Let's dive deeper into author information and citation networks.

## Getting Detailed Paper Information

In [None]:
# Get detailed information about the most cited paper
if not df_papers.empty:
    most_cited_id = df_papers.loc[df_papers['citationCount'].idxmax(), 'paperId']
    print(f"Getting details for paper ID: {most_cited_id}")
    
    detailed_paper = ss_api.get_paper(most_cited_id)
    
    if detailed_paper:
        print(f"Title: {detailed_paper['title']}")
        print(f"Citations: {detailed_paper['citationCount']}")
        print(f"References: {detailed_paper['referenceCount']}")
        print(f"Abstract: {detailed_paper.get('abstract', 'No abstract available')[:300]}...")
        
        # Authors information
        print(f"\nAuthors:")
        for author in detailed_paper['authors'][:5]:  # First 5 authors
            print(f"  - {author['name']} (ID: {author['authorId']})")

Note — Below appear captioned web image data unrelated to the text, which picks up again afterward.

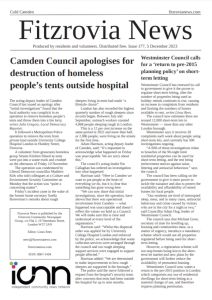 Front page of Fitzrovia News number 177, published 5 December 2023.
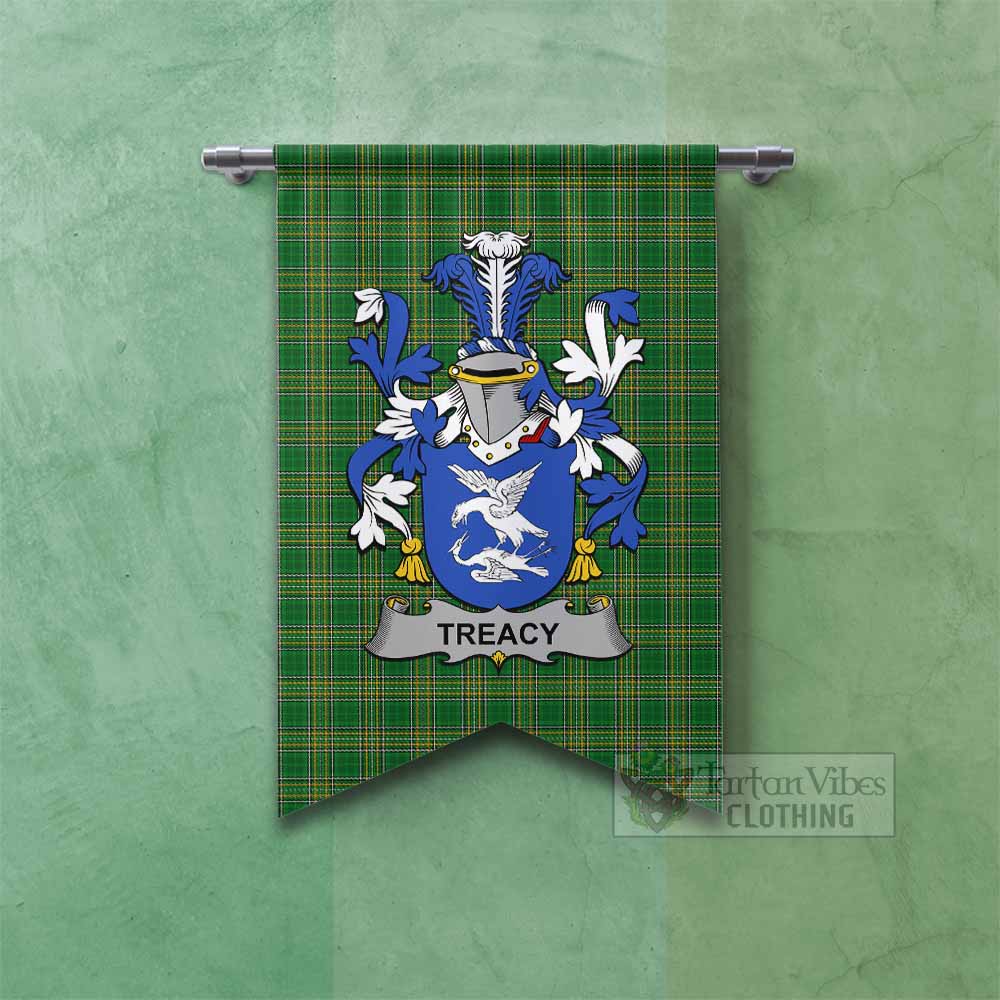 Treacy Irish Clan Tartan Gonfalon, Tartan Banner with Coat of Arms Fishtail - Tartan Vibes Clothing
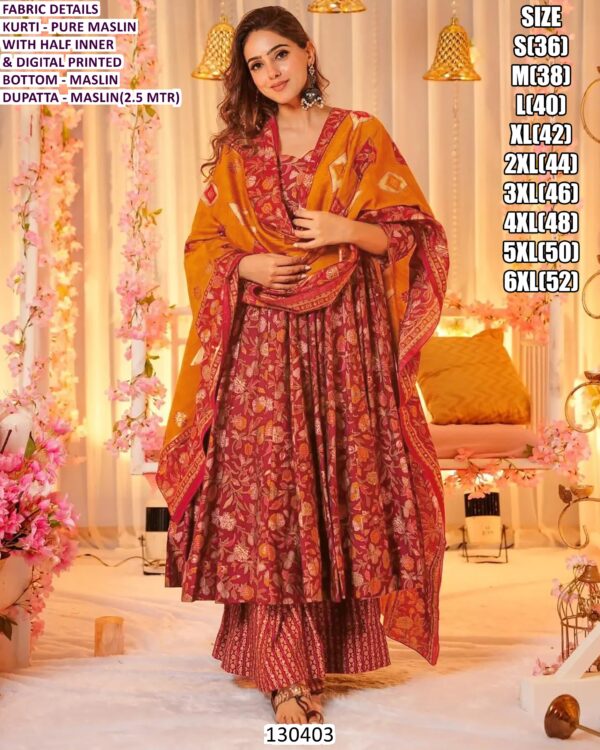 Women’s Pure Maslin Digital Printed Suit Set With Dupatta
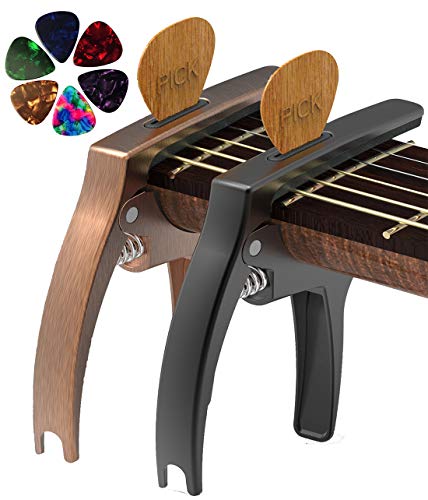 TANMUS 3in1 Guitar Capo for Acoustic and Electric Guitars,2 Pack(with Pick Holder and 6Picks),Ukulele,Strings Accessories - Image 1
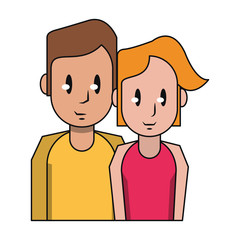 Young couple cartoon profile isolated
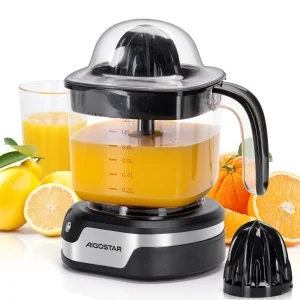 Aigostar Spremiagrumi elettrico, grande volume da 1,2 litri, Spremiagrumi con indicatore LED, 40W, 2 coni staccabili, Doppio Senso di Giro, Base in acciaio inox, Nero, Juicy 1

## Author Profile Analysis

In [None]:
# Analyze the first author of the most cited paper
if detailed_paper and detailed_paper['authors']:
    first_author_id = detailed_paper['authors'][0]['authorId']
    
    if first_author_id:
        author_info = ss_api.get_author(first_author_id)
        
        if author_info:
            print(f"Author: {author_info['name']}")
            print(f"Total papers: {author_info['paperCount']}")
            print(f"Total citations: {author_info['citationCount']}")
            print(f"h-index: {author_info['hIndex']}")
            
            # Analyze their recent papers
            if 'papers' in author_info and author_info['papers']:
                recent_papers = author_info['papers'][:10]  # Last 10 papers
                
                years = [p['year'] for p in recent_papers if p['year']]
                citations = [p['citationCount'] for p in recent_papers]
                
                plt.figure(figsize=(12, 4))
                
                plt.subplot(1, 2, 1)
                plt.scatter(years, citations, alpha=0.7)
                plt.xlabel('Publication Year')
                plt.ylabel('Citation Count')
                plt.title(f"Recent Papers by {author_info['name']}")
                
                plt.subplot(1, 2, 2)
                year_counts = pd.Series(years).value_counts().sort_index()
                year_counts.plot(kind='bar', alpha=0.7)
                plt.xlabel('Year')
                plt.ylabel('Number of Papers')
                plt.title('Publications by Year')
                plt.xticks(rotation=45)
                
                plt.tight_layout()
                plt.show()

<a id='trends'></a>

# Research Trend Analysis

Let's analyze how research topics have evolved over time.

In [None]:
def analyze_research_trends(topics, years_back=10):
    """Analyze research trends for multiple topics over time"""
    current_year = datetime.now().year
    start_year = current_year - years_back
    
    trend_data = []
    
    for topic in topics:
        print(f"Analyzing trend for: {topic}")
        
        # Search for papers on this topic
        papers = ss_api.search_papers(topic, limit=100)
        
        if papers and 'data' in papers:
            for paper in papers['data']:
                if paper['year'] and paper['year'] >= start_year:
                    trend_data.append({
                        'topic': topic,
                        'year': paper['year'],
                        'title': paper['title'],
                        'citations': paper['citationCount'],
                        'authors': len(paper['authors'])
                    })
    
    return pd.DataFrame(trend_data)

# Analyze trends for AI-related topics
ai_topics = ['deep learning', 'neural networks', 'computer vision']
trends_df = analyze_research_trends(ai_topics, years_back=8)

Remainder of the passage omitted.